# wife's LE turkey..



## goosefreak (Aug 20, 2009)

well, my wife got her first turkey, she took it with a 20ga... you know how women are, we got on the bird slightly late and were somewhat tailing him when we came to the edge of the knoll he was on. he made his way down into a clearing so we set up just above him on the knoll from where he had just come from, that was gonna be our last try on this bird for fear of spooking him. I set the decoy up and got my wife situated then I walked off about 10 yards to the front and left of my wife to take a quick look. I just wanted to hurry and throw a call out to see if he would come back. I call, and the next thing I know he comes strutting up the hill right at me so I FROZE! he's strutting and gobbling 10 yards from me and my wife doesn't have a shot because I'm in the way, after about 3 minutes the bird sees my decoy off to my right side and moves in to take a closer look, he's strutting the entire time.
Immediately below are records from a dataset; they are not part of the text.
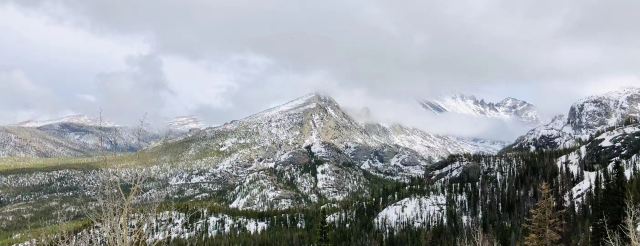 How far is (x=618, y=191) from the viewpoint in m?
92.8

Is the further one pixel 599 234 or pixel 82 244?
pixel 599 234

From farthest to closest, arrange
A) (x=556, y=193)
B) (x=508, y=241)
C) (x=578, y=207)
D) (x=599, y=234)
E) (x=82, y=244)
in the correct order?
(x=556, y=193) → (x=578, y=207) → (x=508, y=241) → (x=599, y=234) → (x=82, y=244)

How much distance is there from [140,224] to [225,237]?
189292 mm

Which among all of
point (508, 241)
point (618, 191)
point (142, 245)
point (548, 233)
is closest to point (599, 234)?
point (618, 191)

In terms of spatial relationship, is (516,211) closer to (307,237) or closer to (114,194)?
(307,237)

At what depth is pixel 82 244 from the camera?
571 inches

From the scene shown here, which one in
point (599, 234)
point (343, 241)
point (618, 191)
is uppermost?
point (618, 191)

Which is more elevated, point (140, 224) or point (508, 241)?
point (140, 224)

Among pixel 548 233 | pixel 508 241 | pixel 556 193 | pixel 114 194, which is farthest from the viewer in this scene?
pixel 556 193

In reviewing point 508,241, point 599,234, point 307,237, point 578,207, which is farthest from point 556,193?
point 599,234

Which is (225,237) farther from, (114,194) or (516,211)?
(114,194)

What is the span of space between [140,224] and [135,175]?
1.34 meters

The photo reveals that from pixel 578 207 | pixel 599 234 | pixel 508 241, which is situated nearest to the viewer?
pixel 599 234

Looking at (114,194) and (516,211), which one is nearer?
(114,194) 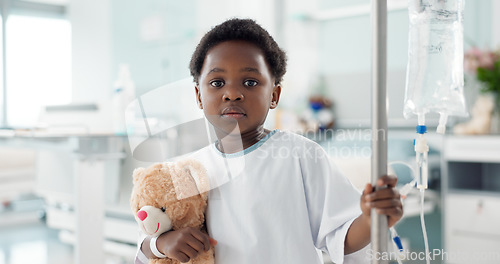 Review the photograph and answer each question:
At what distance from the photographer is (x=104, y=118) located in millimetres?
1920

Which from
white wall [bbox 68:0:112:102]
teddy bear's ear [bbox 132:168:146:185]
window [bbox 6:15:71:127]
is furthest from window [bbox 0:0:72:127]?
teddy bear's ear [bbox 132:168:146:185]

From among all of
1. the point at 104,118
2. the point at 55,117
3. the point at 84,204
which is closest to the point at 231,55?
the point at 84,204

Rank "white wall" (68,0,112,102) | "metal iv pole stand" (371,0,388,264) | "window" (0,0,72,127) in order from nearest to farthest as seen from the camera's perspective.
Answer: "metal iv pole stand" (371,0,388,264) → "white wall" (68,0,112,102) → "window" (0,0,72,127)

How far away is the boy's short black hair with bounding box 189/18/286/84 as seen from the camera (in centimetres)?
72

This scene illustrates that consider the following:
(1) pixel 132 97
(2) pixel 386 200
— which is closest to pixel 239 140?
(2) pixel 386 200

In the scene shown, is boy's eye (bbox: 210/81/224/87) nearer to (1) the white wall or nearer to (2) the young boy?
(2) the young boy

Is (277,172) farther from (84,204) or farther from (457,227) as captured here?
(457,227)

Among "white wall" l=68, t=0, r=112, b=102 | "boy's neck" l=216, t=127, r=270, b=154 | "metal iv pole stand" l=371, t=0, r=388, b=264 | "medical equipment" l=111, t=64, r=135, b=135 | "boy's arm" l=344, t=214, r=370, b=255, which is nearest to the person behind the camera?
"metal iv pole stand" l=371, t=0, r=388, b=264

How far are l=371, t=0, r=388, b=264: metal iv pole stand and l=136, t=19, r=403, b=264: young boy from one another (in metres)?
0.13

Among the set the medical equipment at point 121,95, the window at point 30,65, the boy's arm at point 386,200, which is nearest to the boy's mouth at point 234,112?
the boy's arm at point 386,200

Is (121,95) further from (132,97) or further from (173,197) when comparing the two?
(173,197)

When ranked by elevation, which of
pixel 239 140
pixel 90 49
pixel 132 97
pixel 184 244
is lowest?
pixel 184 244

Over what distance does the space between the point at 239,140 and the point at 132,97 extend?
0.78 m

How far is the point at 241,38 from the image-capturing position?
719 mm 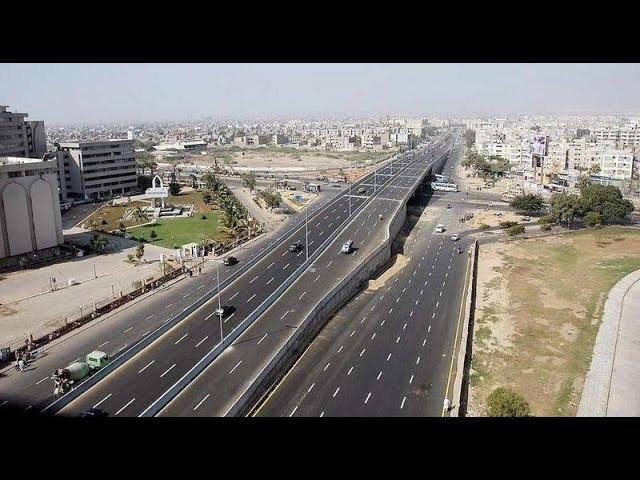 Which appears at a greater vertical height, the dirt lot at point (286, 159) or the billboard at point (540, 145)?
the billboard at point (540, 145)

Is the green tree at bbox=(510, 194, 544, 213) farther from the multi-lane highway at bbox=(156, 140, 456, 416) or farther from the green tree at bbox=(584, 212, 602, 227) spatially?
the multi-lane highway at bbox=(156, 140, 456, 416)

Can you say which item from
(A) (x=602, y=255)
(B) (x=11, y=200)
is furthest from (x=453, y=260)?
(B) (x=11, y=200)

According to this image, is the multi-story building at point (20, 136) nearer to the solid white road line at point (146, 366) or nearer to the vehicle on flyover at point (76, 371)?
the vehicle on flyover at point (76, 371)

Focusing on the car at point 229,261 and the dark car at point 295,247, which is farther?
the dark car at point 295,247

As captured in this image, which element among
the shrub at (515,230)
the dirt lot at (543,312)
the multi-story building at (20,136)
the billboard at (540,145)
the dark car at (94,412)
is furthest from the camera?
the billboard at (540,145)

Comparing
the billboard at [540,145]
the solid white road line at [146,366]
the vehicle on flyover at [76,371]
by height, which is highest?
the billboard at [540,145]

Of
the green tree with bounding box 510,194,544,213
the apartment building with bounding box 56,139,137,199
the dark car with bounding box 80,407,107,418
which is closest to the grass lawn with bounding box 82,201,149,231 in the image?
the apartment building with bounding box 56,139,137,199

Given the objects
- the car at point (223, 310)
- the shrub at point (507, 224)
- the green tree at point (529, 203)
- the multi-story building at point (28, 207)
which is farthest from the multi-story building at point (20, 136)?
the green tree at point (529, 203) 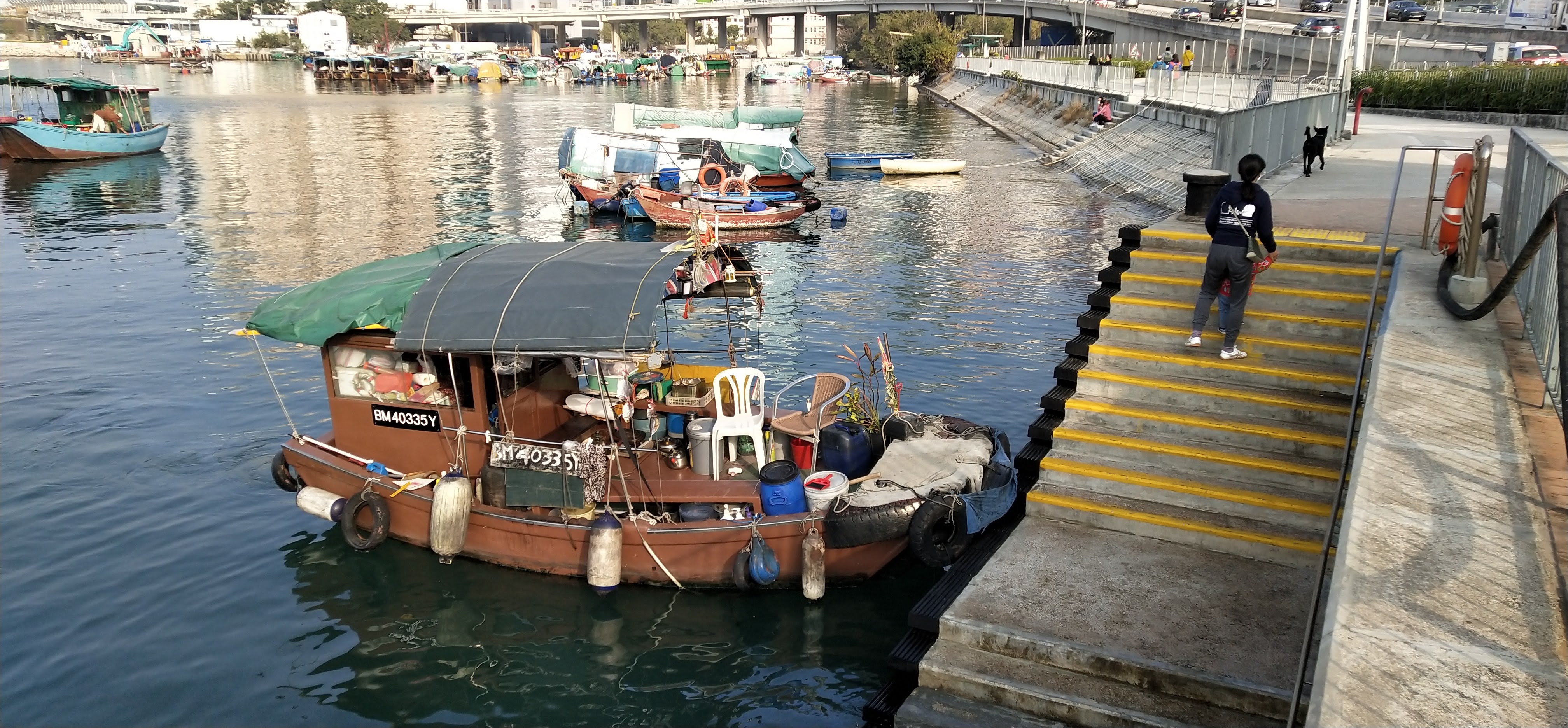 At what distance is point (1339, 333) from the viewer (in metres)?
11.3

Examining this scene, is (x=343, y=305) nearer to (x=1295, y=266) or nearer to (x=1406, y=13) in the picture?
(x=1295, y=266)

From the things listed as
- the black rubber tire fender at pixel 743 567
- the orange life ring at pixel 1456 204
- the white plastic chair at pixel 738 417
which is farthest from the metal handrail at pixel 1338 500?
the white plastic chair at pixel 738 417

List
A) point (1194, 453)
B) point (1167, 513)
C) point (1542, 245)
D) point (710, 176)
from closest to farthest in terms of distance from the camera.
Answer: point (1542, 245)
point (1167, 513)
point (1194, 453)
point (710, 176)

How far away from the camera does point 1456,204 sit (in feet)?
38.0

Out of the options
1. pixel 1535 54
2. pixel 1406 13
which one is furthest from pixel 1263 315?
pixel 1406 13

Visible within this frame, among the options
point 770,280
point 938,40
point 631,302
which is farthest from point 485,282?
point 938,40

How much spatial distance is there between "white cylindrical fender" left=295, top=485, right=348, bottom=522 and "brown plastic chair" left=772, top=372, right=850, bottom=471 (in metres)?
5.63

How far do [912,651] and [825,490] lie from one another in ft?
10.6

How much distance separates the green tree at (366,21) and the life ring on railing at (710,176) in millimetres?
167230

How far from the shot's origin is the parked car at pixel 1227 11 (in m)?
79.4

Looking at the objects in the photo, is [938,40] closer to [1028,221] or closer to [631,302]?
[1028,221]

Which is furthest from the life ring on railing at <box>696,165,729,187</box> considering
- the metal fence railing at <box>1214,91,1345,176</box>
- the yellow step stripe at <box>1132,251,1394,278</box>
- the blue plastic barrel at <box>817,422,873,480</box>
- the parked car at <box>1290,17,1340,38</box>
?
the parked car at <box>1290,17,1340,38</box>

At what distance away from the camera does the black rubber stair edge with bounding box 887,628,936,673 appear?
29.2 feet

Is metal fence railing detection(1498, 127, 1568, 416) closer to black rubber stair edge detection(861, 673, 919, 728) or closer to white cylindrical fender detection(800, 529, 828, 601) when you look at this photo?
black rubber stair edge detection(861, 673, 919, 728) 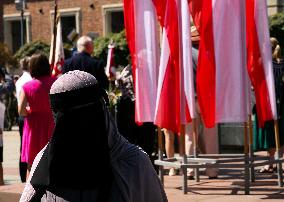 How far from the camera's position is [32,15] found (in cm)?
5025

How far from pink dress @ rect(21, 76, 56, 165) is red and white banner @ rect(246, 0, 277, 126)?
2232 mm

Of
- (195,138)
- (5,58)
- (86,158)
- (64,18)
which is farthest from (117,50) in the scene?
(86,158)

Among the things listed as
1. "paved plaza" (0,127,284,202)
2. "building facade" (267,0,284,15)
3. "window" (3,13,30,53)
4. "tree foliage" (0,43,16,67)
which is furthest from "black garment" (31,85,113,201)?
"window" (3,13,30,53)

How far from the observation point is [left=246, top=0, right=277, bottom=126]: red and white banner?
27.2ft

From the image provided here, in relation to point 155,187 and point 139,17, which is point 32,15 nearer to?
point 139,17

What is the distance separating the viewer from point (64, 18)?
48.4 meters

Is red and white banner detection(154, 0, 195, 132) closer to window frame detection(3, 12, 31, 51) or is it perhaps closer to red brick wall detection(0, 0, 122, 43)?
red brick wall detection(0, 0, 122, 43)

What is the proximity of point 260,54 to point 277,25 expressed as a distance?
19134 millimetres

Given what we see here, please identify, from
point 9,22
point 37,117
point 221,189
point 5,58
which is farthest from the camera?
point 9,22

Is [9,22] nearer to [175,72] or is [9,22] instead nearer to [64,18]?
[64,18]

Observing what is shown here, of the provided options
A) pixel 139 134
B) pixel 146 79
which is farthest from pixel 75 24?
pixel 146 79

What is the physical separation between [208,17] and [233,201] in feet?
5.85

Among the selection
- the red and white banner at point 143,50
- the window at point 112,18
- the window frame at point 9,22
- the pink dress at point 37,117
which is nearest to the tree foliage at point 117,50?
the window at point 112,18

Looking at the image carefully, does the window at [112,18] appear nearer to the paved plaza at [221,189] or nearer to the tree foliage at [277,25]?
the tree foliage at [277,25] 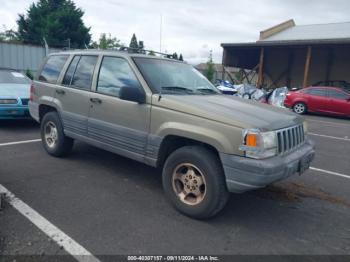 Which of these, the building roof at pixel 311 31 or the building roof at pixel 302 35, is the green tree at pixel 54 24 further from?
the building roof at pixel 311 31

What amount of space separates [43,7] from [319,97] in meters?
38.1

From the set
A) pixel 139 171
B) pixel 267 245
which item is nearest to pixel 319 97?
pixel 139 171

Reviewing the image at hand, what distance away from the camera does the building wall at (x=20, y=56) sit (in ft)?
61.5

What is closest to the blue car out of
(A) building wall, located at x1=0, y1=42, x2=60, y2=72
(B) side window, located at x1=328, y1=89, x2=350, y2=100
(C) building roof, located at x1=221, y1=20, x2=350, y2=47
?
(A) building wall, located at x1=0, y1=42, x2=60, y2=72

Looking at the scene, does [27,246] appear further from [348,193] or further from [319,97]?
[319,97]

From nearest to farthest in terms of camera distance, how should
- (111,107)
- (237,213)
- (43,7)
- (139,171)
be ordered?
(237,213) < (111,107) < (139,171) < (43,7)

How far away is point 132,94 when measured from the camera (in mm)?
3865

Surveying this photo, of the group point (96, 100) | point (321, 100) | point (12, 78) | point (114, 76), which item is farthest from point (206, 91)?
point (321, 100)

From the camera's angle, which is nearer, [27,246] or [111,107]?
[27,246]

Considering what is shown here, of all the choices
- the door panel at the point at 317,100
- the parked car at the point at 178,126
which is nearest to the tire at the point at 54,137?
the parked car at the point at 178,126

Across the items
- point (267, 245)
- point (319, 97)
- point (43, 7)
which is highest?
point (43, 7)

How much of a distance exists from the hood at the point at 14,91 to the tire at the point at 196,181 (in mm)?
5412

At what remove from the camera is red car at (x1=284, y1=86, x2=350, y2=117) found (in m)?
14.3

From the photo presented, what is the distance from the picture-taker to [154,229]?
334cm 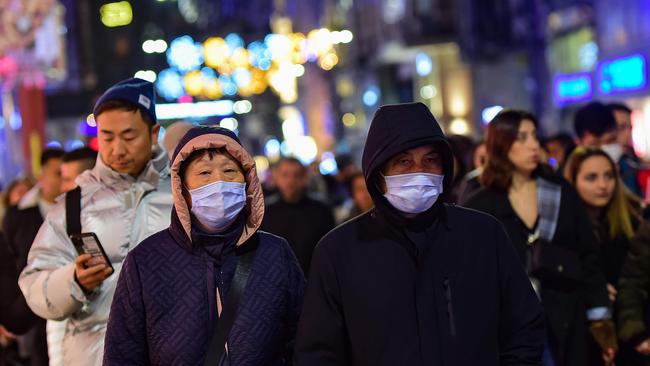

Finally the bird clears past me and my wife has an open shooting lane at about 18-20 yards and freakin lay's the bird out strait!! I mean hammered it! (3" #5 shot) we were both very happy. she's only harvested 2 doves and 1 duck in her lifetime so taking this turkey was very rewarding for her. anyways here you go


----------



## outdoorser (Jan 14, 2013)

Freakin awesome!! Congrats to her and good job.


----------



## utahbigbull (May 9, 2012)

Way to go Nate!!! Glad to see ya get it done for your wife!! That oughta be some brownie points towards the boat


----------



## silentstalker (Feb 19, 2008)

Awesome! Congrats to both of you!


----------



## goosefreak (Aug 20, 2009)

utahbigbull said:


> Way to go Nate!!! Glad to see ya get it done for your wife!! That oughta be some brownie points towards the boat


Oh, believe me, I'm trying to work this boat deal from every angel!!


----------



## Bears Butt (Sep 12, 2007)

Way Cool! Congrats!


----------



## swbuckmaster (Sep 14, 2007)

Pretty cool


----------



## sawsman (Sep 13, 2007)

Fun stuff! way to bring 'em in..


.


----------



## WeaselBrandGameCalls (Aug 16, 2010)

Beautiful!


----------



## Buck fever (Apr 22, 2014)

Thats awsome. I hope to be able to do that with my wife this year.


----------



## Springville Shooter (Oct 15, 2010)

It's a good sign that she didn't shoot you when she had a chance. How long have you been married? Anyway, all kidding aside, congrats.-----SS


----------



## Dirtbag08 (Apr 30, 2013)

I second SS... haha. Congrats on a great hunt!


----------



## goosefreak (Aug 20, 2009)

thanks guys! we've been married 1 year and 1 month, we ate that bird tonight thanksgiving style, I brined it for 36 hours and then smoked it for 12 hours it was freakin awesome!!


----------



## ryan14410 (Nov 8, 2012)

my gosh, sounds freakin' delicious...jealous. nice work and congrats!


----------



## hawglips (Aug 23, 2013)

Congrats to you and your wife!


----------



## goofy elk (Dec 16, 2007)

Nice work!

Time to get her a deer tag....


----------



## goosefreak (Aug 20, 2009)

goofy elk said:


> Nice work!
> 
> Time to get her a deer tag....


Just waiting for the draw! she should draw, she's got 1 point


----------